Whenever the Division of Rate Counsel represents the public interest in a proceeding initiated by application of a business, industry or utility . . . for authority to increase the rate, toll, fare or charge charged by it for any product or service or in a proceeding initiated by application of a business, industry or utility to discontinue or change any required service, the Director of the Division of Rate Counsel may, except as otherwise provided herein, assess the business, industry or utility. . . . [emphasis added]

Case law interpreting and applying the quoted section is sparce. Both sides rely upon an unpublished opinion*fn6 of this court. That opinion is not precedential and we do not discuss it.
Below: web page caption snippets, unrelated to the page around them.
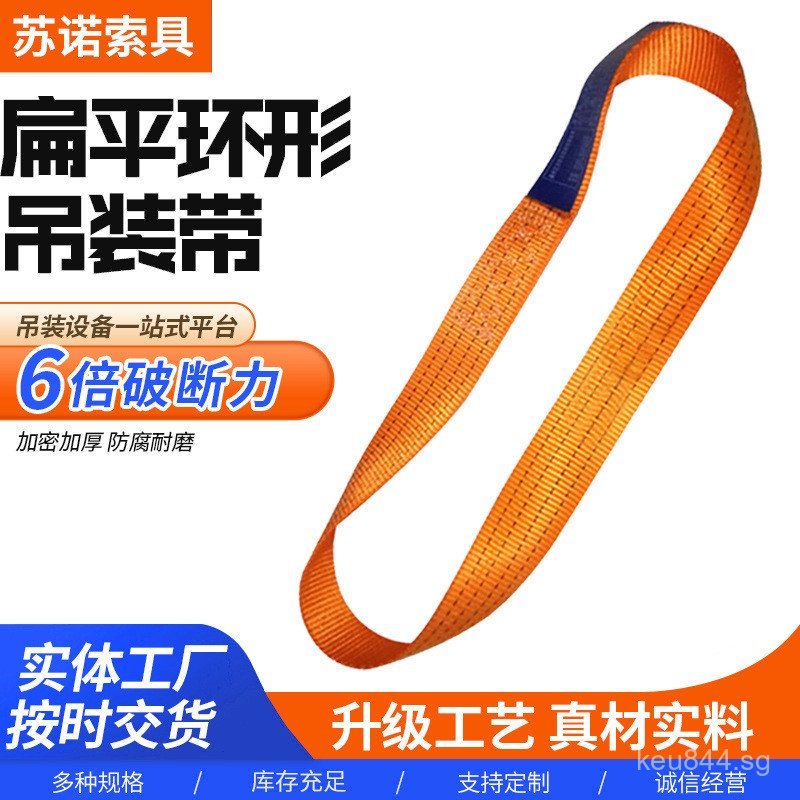 Steel Flat Lifting Rope Ring-Shaped National Standard Round Flexible ...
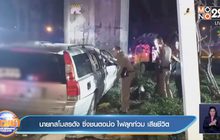 นายกสโมสรดัง  ซิ่งชนตอม่อ ไฟลุกท่วม เสียชีวิต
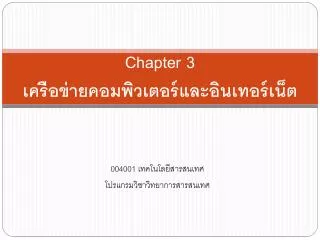 chapter 3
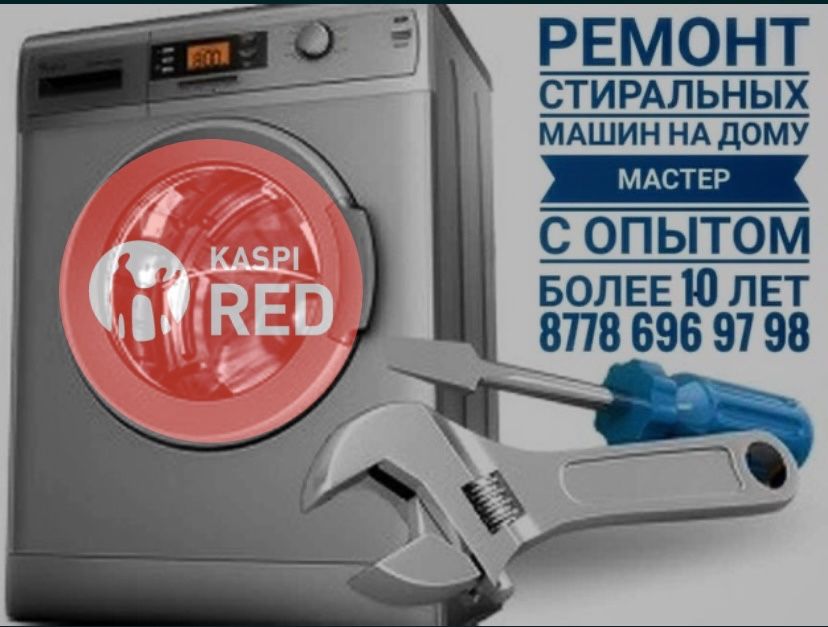 Ремонт стиральных машин гарантия до 1 Года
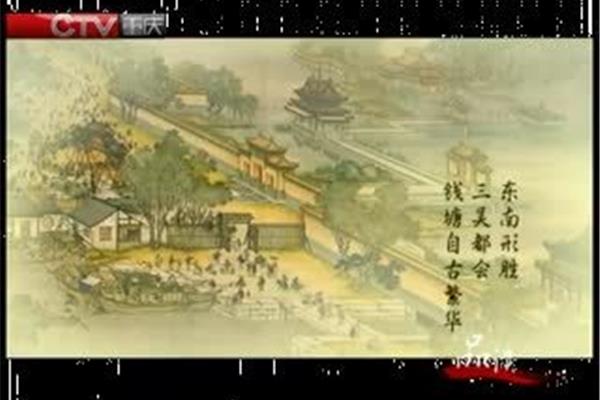 望海潮朗读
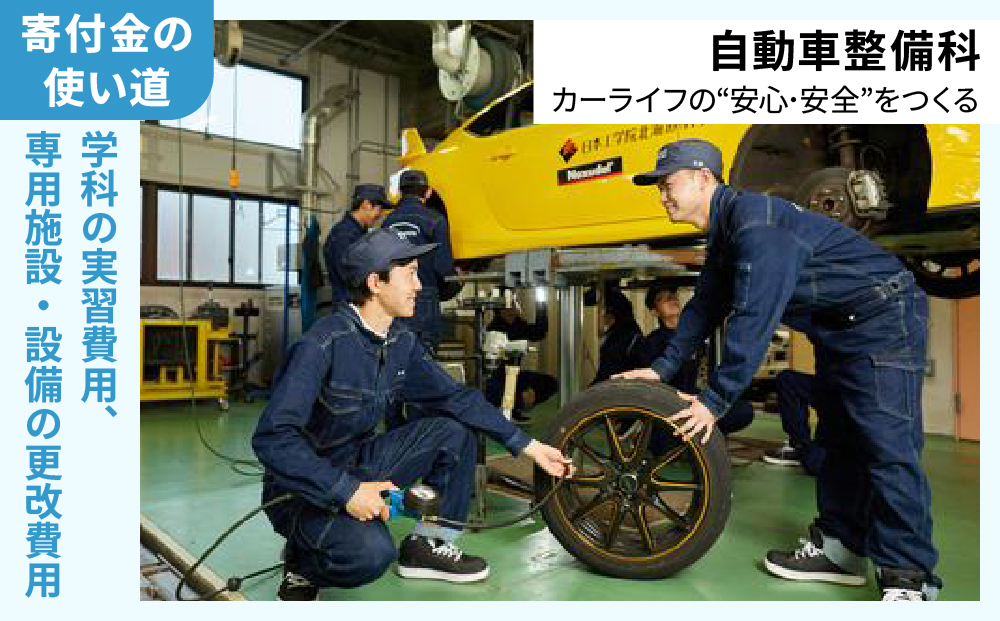 総合専門学校への学校応援寄付 ＜使い道：特定の学科の実習費用、専用施設・設備の更改費用＞【自動車整備科：寄附金額100万円】（返礼品なし）【日本工学院北海道専門学校】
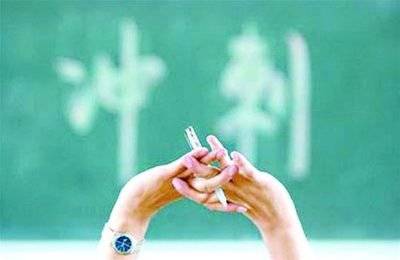 直播授课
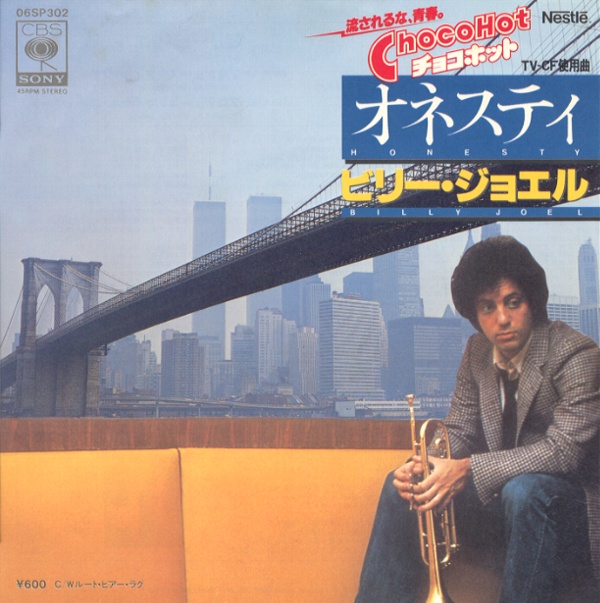 オネスティ／ビリー・ジョエル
The legislative history is also scant. The Senate Statement to S. 1533, the statute's 1981 amendment, merely restates the statutory language. A conditional veto message from the Governor stated that the "expressed purpose of [the amendment] was to allow the Division of Rate Counsel in the Public Advocate to assess utilities . . . for each rate change application."

Hence, resort may be had to rules of statutory construction. We must consider not only the particular statute in question but also the entire legislative scheme of which it is a part. Kimmelman v. Henkels & McCoy, Inc., 108 N.J. 123, 129, 527 A.2d 1368 (1987).
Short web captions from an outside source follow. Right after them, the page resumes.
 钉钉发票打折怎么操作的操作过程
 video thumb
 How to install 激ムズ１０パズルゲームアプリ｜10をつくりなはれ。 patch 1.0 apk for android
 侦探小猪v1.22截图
A reading of N.J.S.A. 52:27E-19a in conjunction with N.J.S.A. 52:27E-18 might well lead us to conclude that Rate Counsel's right to reimbursement should be co-extensive with the right to intervene. However, in State Farm Mut. Auto. Ins. Co. v. State, Dept. of Public Advocate, 118 N.J. 336, 571 A.2d 957 (1990), our Supreme Court said in interpreting N.J.S.A. 52:27E-19b dealing with insurance rates: "Obviously, this authority under N.J.S.A. 52:27E-18 is not co-extensive with the Public Advocate's right to be reimbursed under N.J.S.A. 52:27E-19b (because not every proceeding is initiated by an insurer to change charges)." State Farm, 118 N.J. at 355. Although N.J.S.A. 52:27E-19b differs from N.J.S.A. 52:27E-19a, State Farm arguably forecloses a Conclusion that the right to intervene under N.J.S.A. 52:27E-18 is co-extensive with the right to be reimbursed under N.J.S.A. 52:27E-19a. The language of N.J.S.A. 52:27E-19b is similar to N.J.S.A. 52:27E-19a, but not identical. In fact, the second phrase contained in N.J.S.A. 52:27E-19a dealing with "an application to 'change any required service' has no similar counterpart in N.J.S.A. 52:27E-19(b)." Ibid. Thus, the Supreme Court's observation in State Farm, supra, that N.J.S.A. 52:27E-18 is not co-extensive with N.J.S.A. 52:27E-19b does not resolve the matter.
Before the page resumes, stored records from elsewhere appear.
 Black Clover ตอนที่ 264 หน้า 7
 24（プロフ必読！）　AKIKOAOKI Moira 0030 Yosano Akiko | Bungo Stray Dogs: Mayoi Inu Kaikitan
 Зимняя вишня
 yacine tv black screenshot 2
We are satisfied that the BCUA should reimburse Rate Counsel for its participation and involvement in the interim rate-setting proceedings because it can fairly be said here that the proposed rate schedule, irrespective of whether the rates are supposed to be increased or decreased, results in "a proceeding initiated by application of a business, industry or utility to . . . change any required service. . . ." N.J.S.A. 52:27E-19a.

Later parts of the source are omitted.